** Opening Data excerpts block **

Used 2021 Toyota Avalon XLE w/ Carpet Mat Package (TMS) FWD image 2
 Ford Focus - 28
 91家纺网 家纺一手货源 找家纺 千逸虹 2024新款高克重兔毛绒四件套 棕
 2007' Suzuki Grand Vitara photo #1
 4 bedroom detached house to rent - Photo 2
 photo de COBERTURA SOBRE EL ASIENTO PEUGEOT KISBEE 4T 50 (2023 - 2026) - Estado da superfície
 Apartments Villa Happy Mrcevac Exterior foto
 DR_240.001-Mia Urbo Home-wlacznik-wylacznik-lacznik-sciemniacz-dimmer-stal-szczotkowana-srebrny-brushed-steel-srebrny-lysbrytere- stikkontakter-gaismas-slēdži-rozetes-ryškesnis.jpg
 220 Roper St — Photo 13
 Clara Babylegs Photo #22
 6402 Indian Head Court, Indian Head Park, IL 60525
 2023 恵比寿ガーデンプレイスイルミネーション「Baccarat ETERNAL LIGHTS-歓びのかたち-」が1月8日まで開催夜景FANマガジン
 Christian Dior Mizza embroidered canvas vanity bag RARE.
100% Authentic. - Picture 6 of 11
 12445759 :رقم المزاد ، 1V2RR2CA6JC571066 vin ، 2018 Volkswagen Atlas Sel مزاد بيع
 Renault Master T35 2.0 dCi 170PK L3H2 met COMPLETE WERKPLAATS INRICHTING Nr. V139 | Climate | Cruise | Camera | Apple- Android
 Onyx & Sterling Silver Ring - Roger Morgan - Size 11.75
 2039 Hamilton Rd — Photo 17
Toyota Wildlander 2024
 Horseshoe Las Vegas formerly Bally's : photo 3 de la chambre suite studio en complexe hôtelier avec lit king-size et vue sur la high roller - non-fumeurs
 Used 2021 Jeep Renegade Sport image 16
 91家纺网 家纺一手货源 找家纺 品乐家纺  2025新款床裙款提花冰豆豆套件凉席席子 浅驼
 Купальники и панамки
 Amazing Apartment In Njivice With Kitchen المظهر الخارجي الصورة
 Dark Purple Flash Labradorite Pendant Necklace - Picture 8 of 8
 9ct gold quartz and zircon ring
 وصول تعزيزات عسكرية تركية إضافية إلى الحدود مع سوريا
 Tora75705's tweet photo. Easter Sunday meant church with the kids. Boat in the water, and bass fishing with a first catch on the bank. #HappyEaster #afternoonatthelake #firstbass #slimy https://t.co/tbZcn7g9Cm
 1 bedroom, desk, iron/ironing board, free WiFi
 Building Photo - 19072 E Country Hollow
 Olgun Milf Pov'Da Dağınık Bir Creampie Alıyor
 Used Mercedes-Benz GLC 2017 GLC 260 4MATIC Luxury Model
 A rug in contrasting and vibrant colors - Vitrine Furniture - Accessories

** Closing Data excerpts block **

(Your goal)
Return the lines from the line containing "Used Mercedes-Benz GLC" to the end of the entries above, exactly as they appear and with no other output.

(Answer to the exercise)
 Used Mercedes-Benz GLC 2017 GLC 260 4MATIC Luxury Model
 A rug in contrasting and vibrant colors - Vitrine Furniture - Accessories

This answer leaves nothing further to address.